# Items from a data source
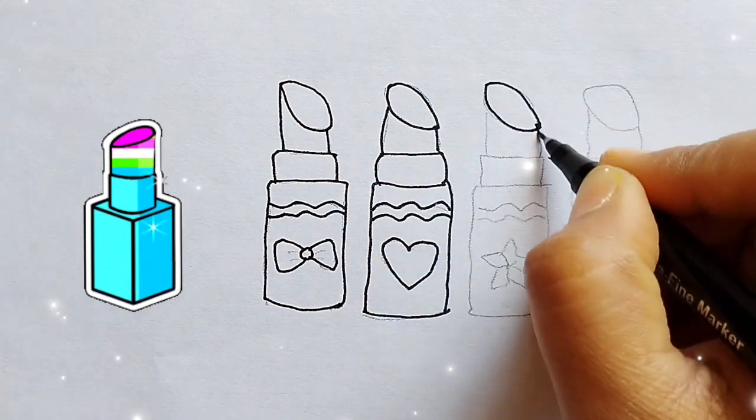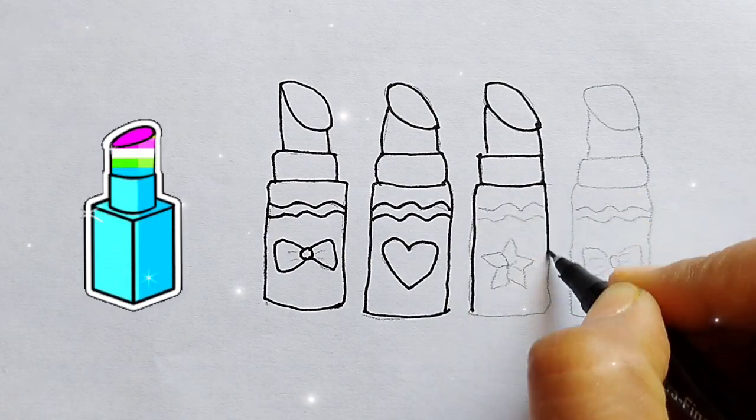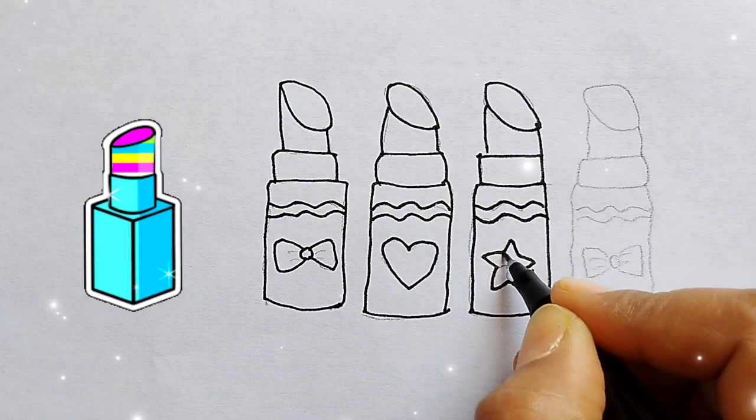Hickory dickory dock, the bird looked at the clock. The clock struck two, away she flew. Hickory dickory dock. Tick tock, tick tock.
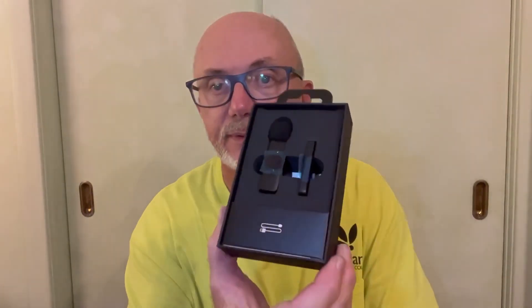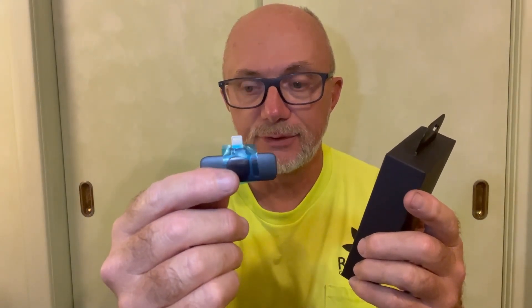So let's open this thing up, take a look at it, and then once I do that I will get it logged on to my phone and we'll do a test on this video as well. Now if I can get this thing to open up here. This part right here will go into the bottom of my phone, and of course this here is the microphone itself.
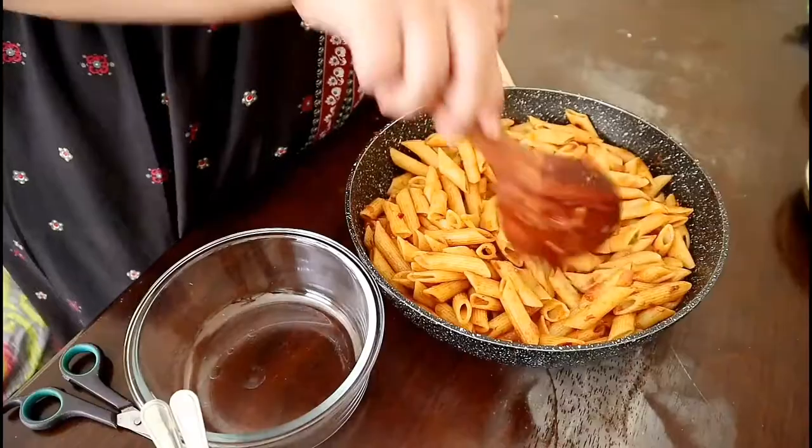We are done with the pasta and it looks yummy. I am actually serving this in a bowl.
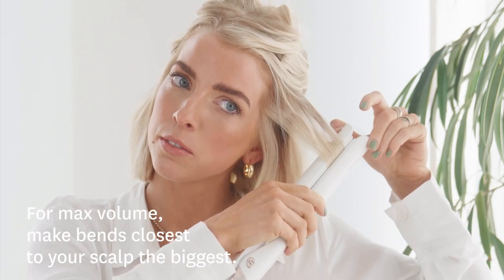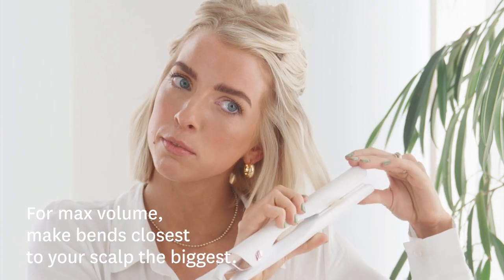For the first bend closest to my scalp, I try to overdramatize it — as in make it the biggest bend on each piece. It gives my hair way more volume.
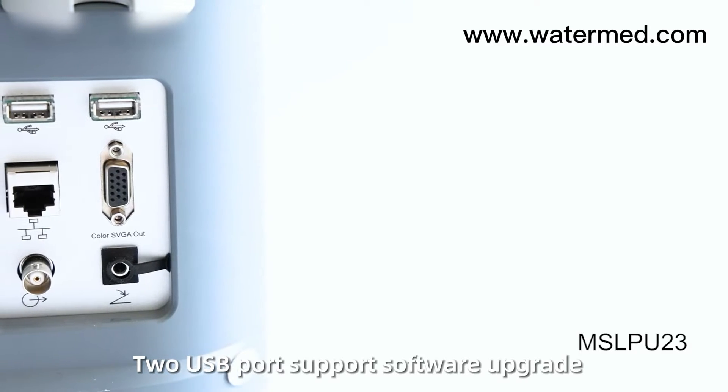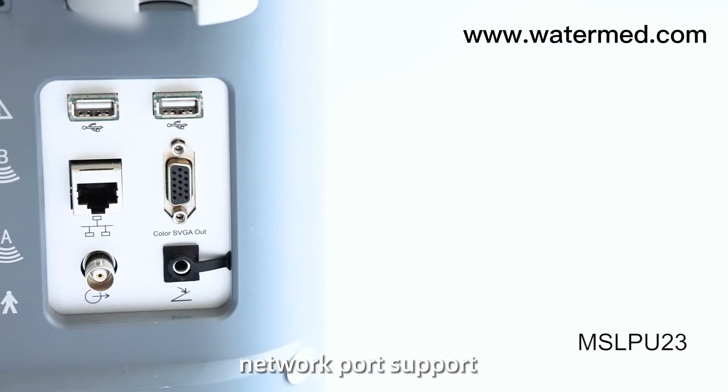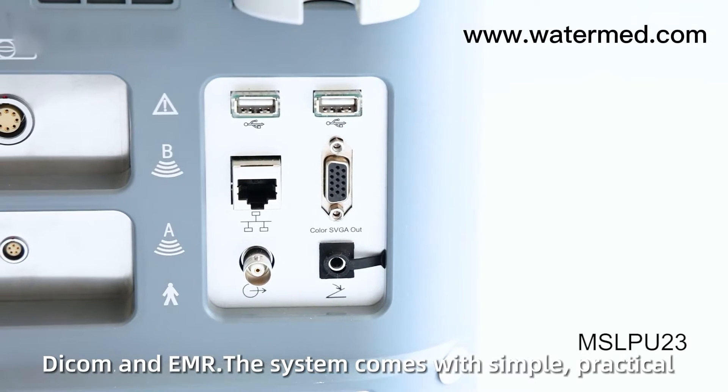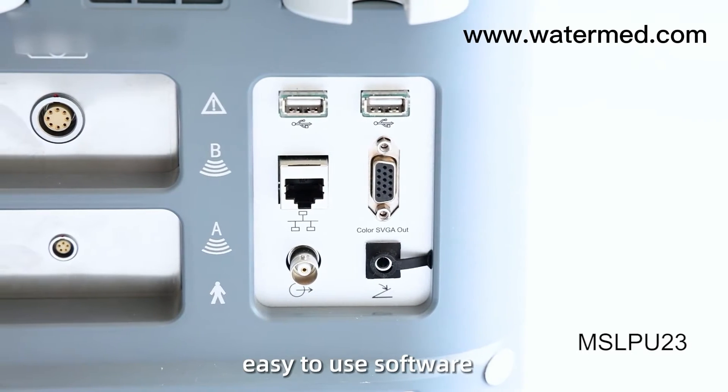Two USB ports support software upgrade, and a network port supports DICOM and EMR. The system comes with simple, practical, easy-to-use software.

# REQUIRED WORK
Give back every entry verbatim. No pictures belong in the copy.

# SOLUTION
Hickory dickory dock, the bird looked at the clock. The clock struck two, away she flew. Hickory dickory dock. Tick tock, tick tock.
So let's open this thing up, take a look at it, and then once I do that I will get it logged on to my phone and we'll do a test on this video as well. Now if I can get this thing to open up here. This part right here will go into the bottom of my phone, and of course this here is the microphone itself.
We are done with the pasta and it looks yummy. I am actually serving this in a bowl.
For the first bend closest to my scalp, I try to overdramatize it — as in make it the biggest bend on each piece. It gives my hair way more volume.
Two USB ports support software upgrade, and a network port supports DICOM and EMR. The system comes with simple, practical, easy-to-use software.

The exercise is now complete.